JAKARTA - Praktisi pendidikan Arief Rachman mengatakan, posisi pelajar mulai dari pendidikan dasar hingga menengah bahkan sampai Perguruan Tinggi di Indonesia saat ini berada dalam jalur yang sangat sulit.

Hal tersebut terjadi, menurut Arief Rachman, karena para guru dan hakim yang semestinya bisa menjadi teladan ternyata prilaku dan tindakan guru dan hakim jauh dari keteladanan.

"Bagaimana mau jadi teladan, kalau para guru datangnya terlambat dan para hakim gampang disuap," kata Arief Rachman, di gedung Nusantara IV, komplek Parlemen, Senayan Jakarta, Senin (1/10).

Problem yang sama lanjut Arief, juga berlangsung pada tataran kehidupan berbangsa dan bernegara. "Sebagian masyarakat bersikap tidak lagi menghormati bangsa dan negaranya hanya gara-gara segelintir aktor di pusat kekuasaan yang tidak menghargai rakyat," katanya.

Demikian juga halnya dengan sikap rakyat terhadap Presiden Susilo Bambang Yudhoyono (SBY) yang oleh sebagian pengamat dinilai tidak harmonis. "Terhadap fenomena ini ada variabel penting yang harus diteliti terlebih dahulu, yakni media massa," ujarnya.

Media massa, kata Arief, terkesan lebih sering menjelek-jelekan SBY.  "Atau mungkin SBY yang memang tidak menghargai rakyatnya. Ini perlu sebuah studi untuk menjawabnya," saran dia.

Selain itu, dia juga mengritisi sikap pengelola negara dalam mengurus pendidikan di Indonesia karena tidak konsisten dalam melaksanakan tujuan mulia dari pendidikan.

"Tujuan mulia itu dari pendidikan itu membentuk manusia Indonesia yang berakhlak mulia dan berkepribadian. Berakhlak mulia dan berkepribadian itu adalah soal watak, tapi dalam prakteknya, Kementerian Pendidikan dan Kebudayaan lebih mengedepankan pembangunan otak," kata dia.

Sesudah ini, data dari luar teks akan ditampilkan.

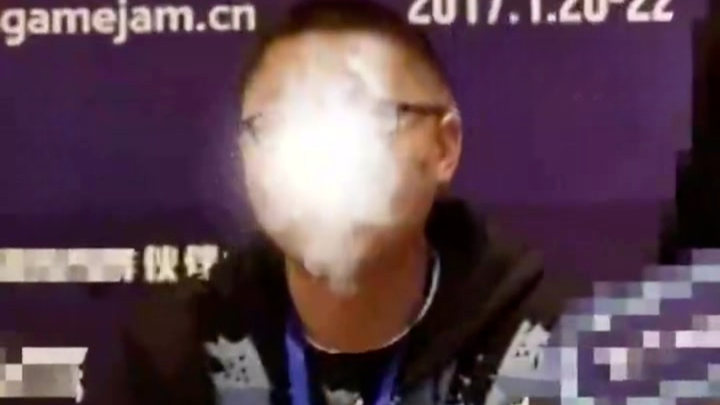 33岁男子摘镜8年后视力恢复：戴眼镜10年从100度增至400度，结果不是真近视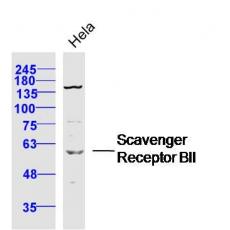 Anti-Scavenger Receptor BII antibody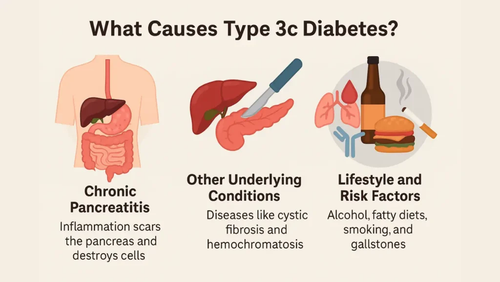What Is Type 3c Diabetes? Causes, Symptoms & Management.png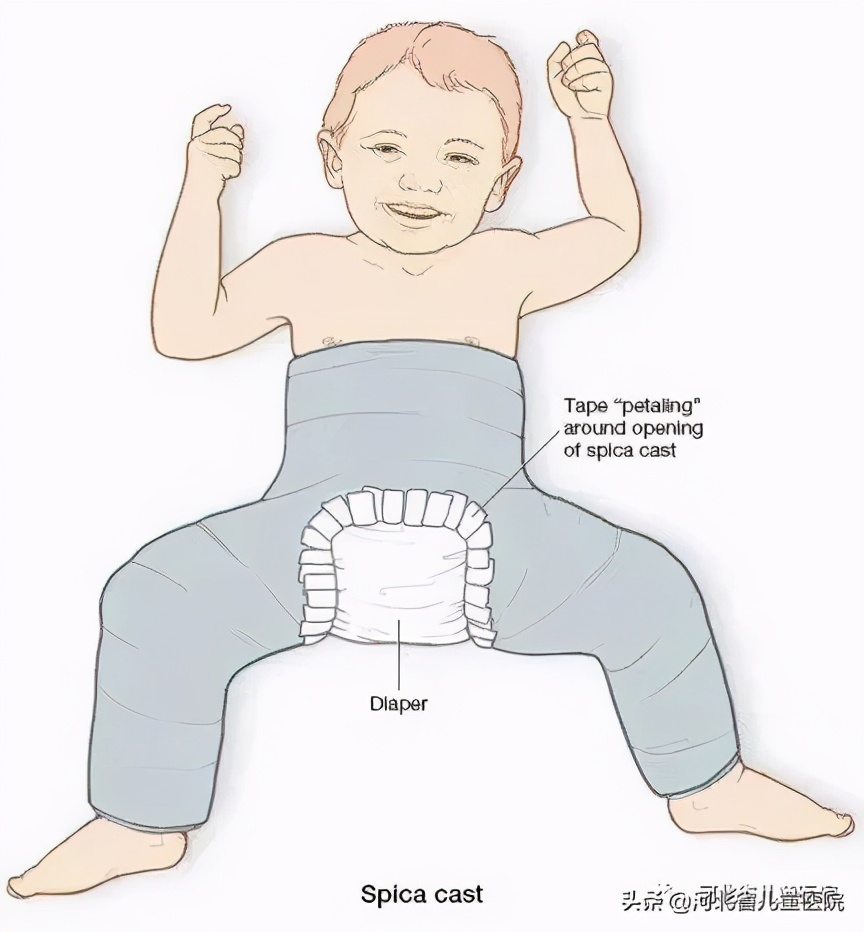 腿纹不对称家长千万别忽视,腿纹深浅不一样算不对称吗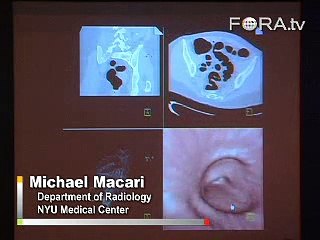 Virtual Colonoscopies and How They Work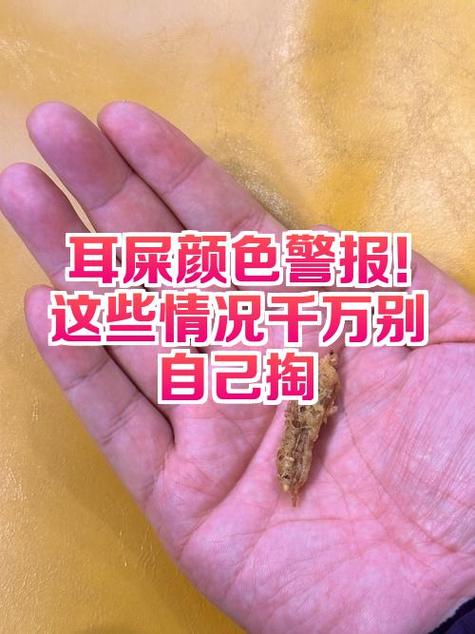 耳机进耳屎怎么清理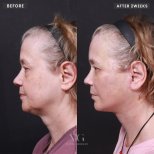 Facelift Vorher-Nachher-Ergebnis bei VG Plastic Surgery – sichtbare Kiefer- und Halsstraffung
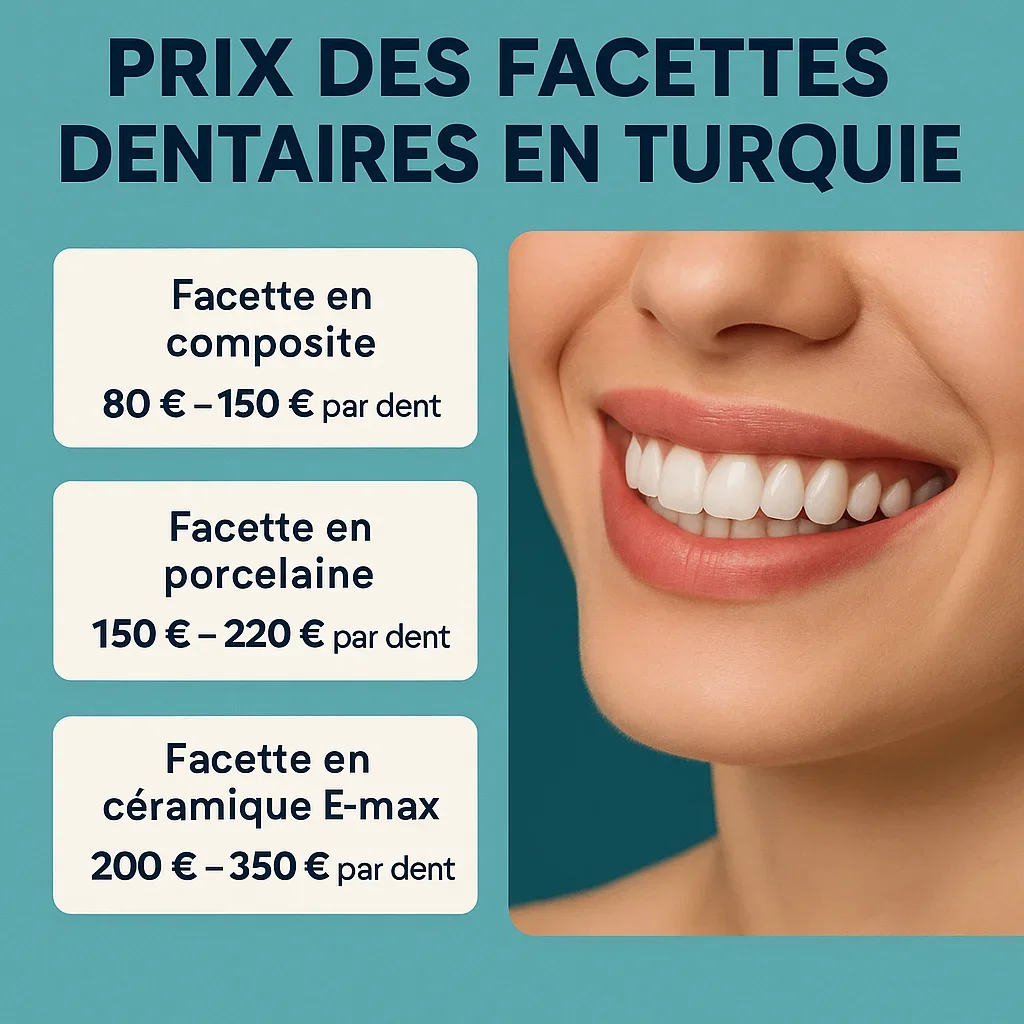 Prix des facettes dentaires en Turquie 5 prix des facettes dentaires en turquie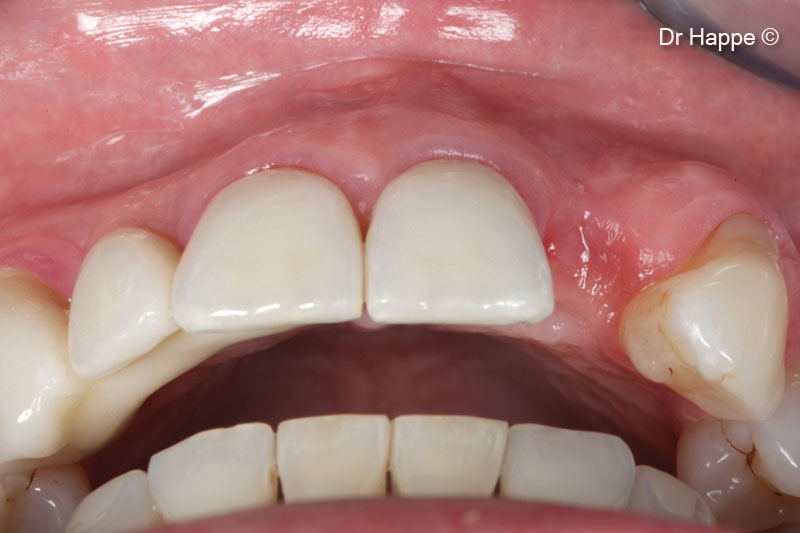 4. A horizontal bone defect is evident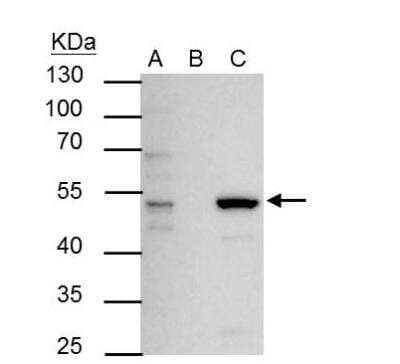 Immunoprecipitation: ERR alpha/NR3B1 Antibody [NBP2-16380] - IP Sample: 293T whole cell lysate/extract A : 30 ug whole cell lysate/extract of ERR alpha protein expressing 293T cells B : Control with 2.5 ug of pre-immune rabbit IgG C : Immunoprecipitation of ERR alpha by 2.5 ug of ERR alpha antibody 10% SDS-PAGE The immunoprecipitated ERR alpha protein was detected by ERR alpha antibody diluted at 1 : 1000. EasyBlot anti-rabbit IgG (HRP) was used as a secondary eagent.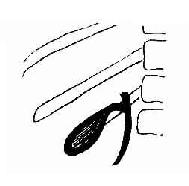 静脉法胆囊造影,胆囊呈层状显影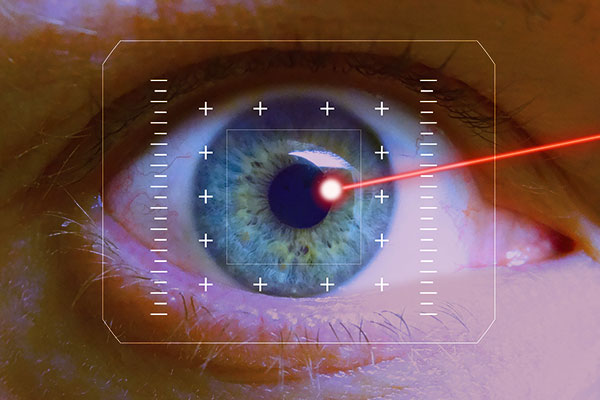 Laser Eye Surgery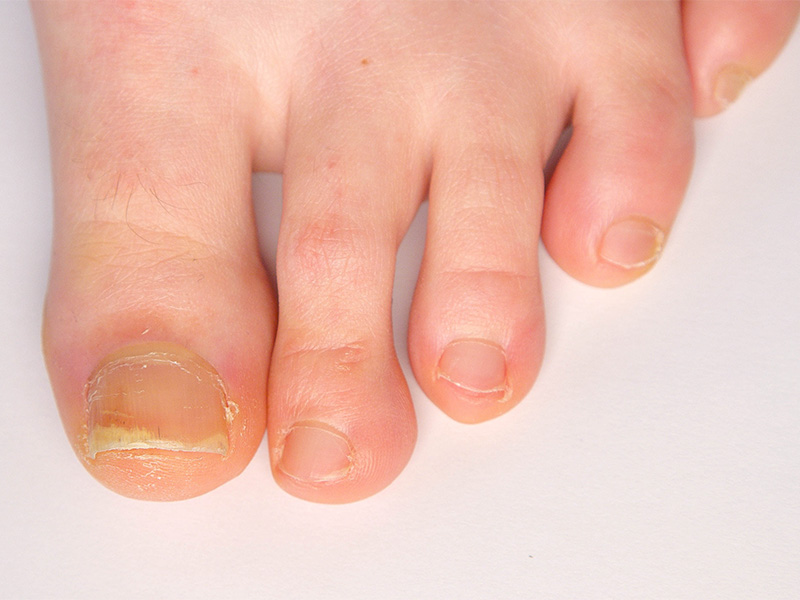 Pitted toenails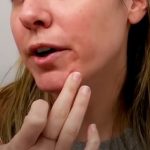 Jak se vyhnout ekzému a akné na obličeji kvůli nošení roušky?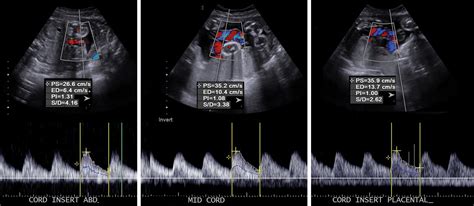 A Radiologist’s Guide to the Performance and Interpretation of Obstetric Doppler US | RadioGraphics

Demikian juga halnya kebijakan pemerintah yang lebih memprioritaskan aspek produktifitas tapi mengabaikan proses untuk sebuah produktifitas.

"Padahal sebuah proses itu sangat penting ketimbang produktifitas. Karena lemah dengan proses, maka pendidikan berjalan sangat instan tanpa makna," ungka Arief.

Kekeliruan mendasar lainnya adalah tidak pernah dipakainya sebuah hasil evaluasi sebagai sarana untuk memperbaiki kegagalan pendidikan di Indonesia.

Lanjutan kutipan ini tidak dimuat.